ただ、今はキャリアとして自分でも納得するぐらい成功できたと思っているので、全然後悔していないんですけど。

「戦略的」だったからこそ、今、アメリカの給与ランキング4位の会社でエンジニアとして働くことができているんですもんね。

戦略的な人生選択

「戦略的」な酒井さんの人生について、もう少し遡って聞かせてください。

サッカーを始めたのは、小学生のときでした。一番印象に残っているのは、ジーコ監督のサッカー教室に参加したときのこと。

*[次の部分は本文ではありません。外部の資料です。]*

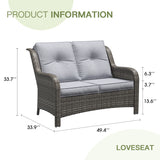 Vicllax Patio Wicker Oasis Lounge Sofa, Loveseat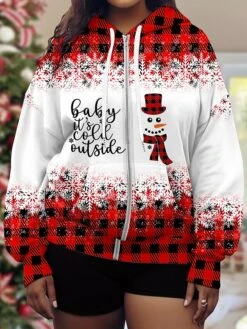 Women's Plus Size Ugly Christmas Hooded Jacket Christmas Santa Print Plaid Party Xmas Drawstring Sport Coat Fashion Loose Fit Outerwear Long Sleeve Fall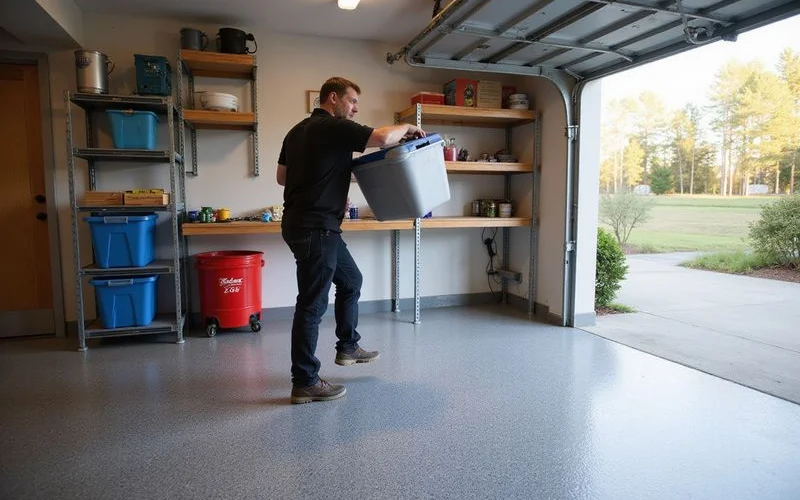 A homeowner lifting storage bins onto wall shelving above a finished garage floor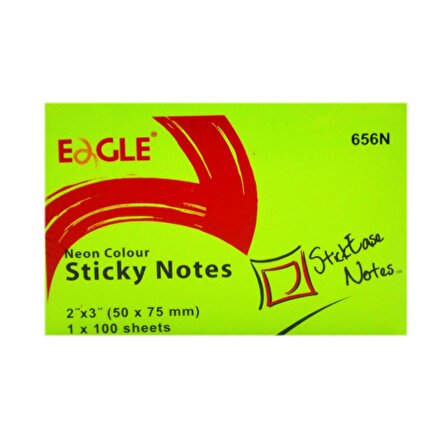 Eagle 50x75 mm Neon Renk Yapışkanlı Not Kağıdı 100 Yaprak (656N) Yeşil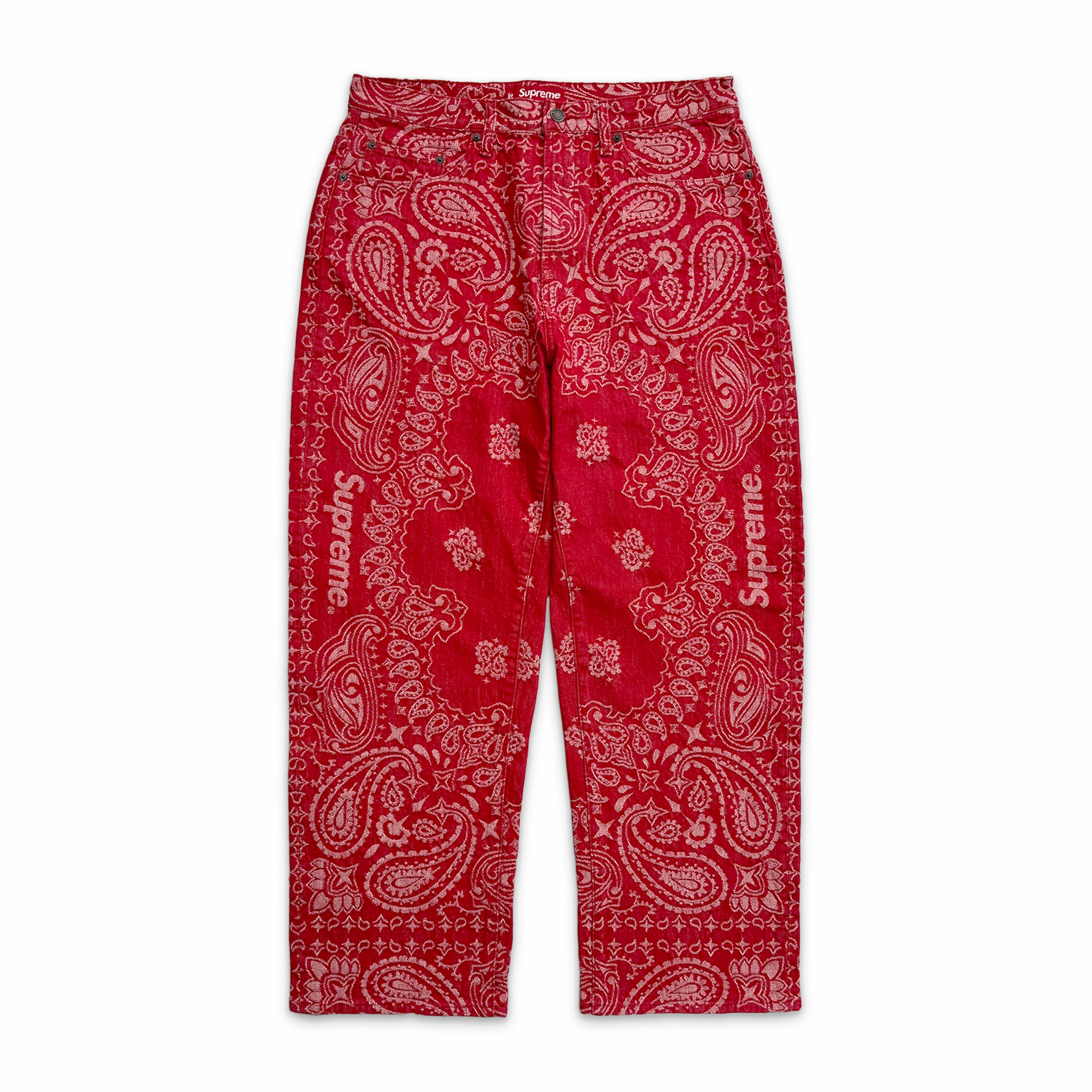 Bandana Jacquard Baggy Jean Red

「学校の勉強をせずに、サッカーの練習をするくらいサッカーに打ち込まないと、サッカー選手にはなれないんですか?」と僕は質問しました。

「ブラジルには、サッカーだけやっていても選手生命が終わってスラム街に行く人がいる一方、ソクラテスという選手のようにプロサッカー選手でありながら医者の資格を持っている人もいる。サッカーと同じくらいに、勉強も一生懸命やりなさい」

それがジーコ監督の答えでした。

それがきっかけで、勉強にも真剣に取り組まれていたから、今シリコンバレーでエンジニアとして活躍できる礎ができたということでしょうか?

そう思うでしょう?

でも、全教科を頑張るだけの時間はありませんでした。サッカーに圧倒的な時間を割いていたからです。そこで、好きだった数学に絞って勉強していました。

数学の勉強が活きているというよりは、小学生の段階で時間の使い方を自ら取捨選択できたのは本当によかったと思っています。

私は高校生の時までずっと、「まんべんなく、どの教科も優秀な成績を収めなければならない」と思い込んで、それを疑いもしませんでした。
酒井さんのように、人に言われたことも一度疑って、自分で選択していたら違う人生だっただろうな…。

先生が言っているから、偉い人が言っているから、テレビで言っているから…そんな理由で、安易に信じてしまうことってすごく怖いこと。自分の手で調べて、自分が確信をもてる選択をすべきだと思いますよ。

高校はどちらへ?

高校は渋谷教育学園幕張高校に進みました。卒業生で有名人なサッカー選手といえば、闘莉王選手が挙げられますね。

千葉県大会では船橋市立船橋高校(市船)や八千代高校に負けて、全国大会には行けませんでした。県の国体選手としては選ばれていたので、国体選手として全国大会へは出場しましたが。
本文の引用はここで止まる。